National Defined Contributions (NDC) are submitted by countries for 2020 and at 5 year intervals thereafter, and represent the benchmark against which parties’ performance will be assessed. Each successive NDC has to progress beyond the previous one – this is the “no-backsliding” principle.

The problem is that the UK submitted a joint NDC together with other EU Member States. The EU’s NDC is to achieve an economy-wide reduction in domestic greenhouse gases of at least 40 per cent of 1990 levels by 2030. The Paris Agreement specifically required that, when submitting its NDC, the EU had to notify the emission levels allocated to each Member State. However, in the event this was not done; the Council of the European Union’s decision on the ratification of the Paris Agreement merely stated that “the joint action by the Union and its Member States will be agreed in due course”. Member States are currently still engaged in internal negotiations over their respective allocations within the EU’s NDC and the UK does not yet know the level of its commitment.

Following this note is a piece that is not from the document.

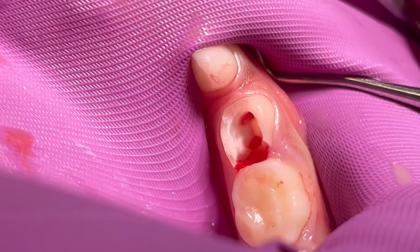MTA has such a high success rate partly because — compared to ferric sulfate or formocresol, which are caustic materials that force the pulp stumps to stop bleeding — with MTA I really have to have a very healthy apical pulp portion before I place it. So the success rate reflects that we're selecting truly vital, healthy cases.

Once it officially leaves the EU, the UK will need to submit its own NDC, unless the UK and the EU agree on a joint fulfilment agreement. This will in part depend on whether the UK remains part of the EU Emission Emissions Trading System (EU ETS). If it does, then a joint fulfilment agreement will be necessary unless and until Paris Agreement accounting rules are set up under Article 6 to allow the UK to bring its EU ETS trading activity directly into account. The joint fulfilment approach was the one taken by Iceland when it ratified the second commitment period of the Kyoto Protocol; Iceland participates in the EU ETS through its membership of the European Economic Area.

There would appear to be nothing in theory to stop the UK completing the first Paris cycle in joint fulfilment with the EU (once its allocation is agreed and as long as the EU were happy to do this), and then submitting its own NDC in 2025 to cover the five years from 2030.

The Paris Agreement does not provide the option for parties to resubmit their NDCs. It only provides that parties may “adjust” their existing NDCs “with a view to enhancing its level of ambition”. This would suggest that, if the UK did not follow the joint fulfilment option, its NDC would need to commit to more than the joint EU NDC.

The good news is that the UK has already adopted a 57 per cent greenhouse gas reduction target for 2030 through its fifth carbon budget under the Climate Change Act 2008, so (compared to the EU’s 40 per cent) adopting a higher NDC would not cause a problem. The bad news is that the UK currently has no effective strategy to meet the fifth carbon budget. There are currently projected shortfalls against the fourth and fifth carbon budgets of 146 MtCO2e and 247 MtCO2e respectively. According to the Committee on Carbon Change’s “Meeting Carbon Budgets” report (October 2016), current policies are likely to deliver only half of the required emissions reduction to 2030, with a policy gap for the remainder. An Emissions Reduction Plan is expected during the course of 2017 which will hopefully address how the shortfall will be met.

For once the politicians of all persuasions have actually got it right by keeping things vague and flexible. Our international (non-EU) climate change obligations and how we might meet them is both literally and figuratively all up in the air.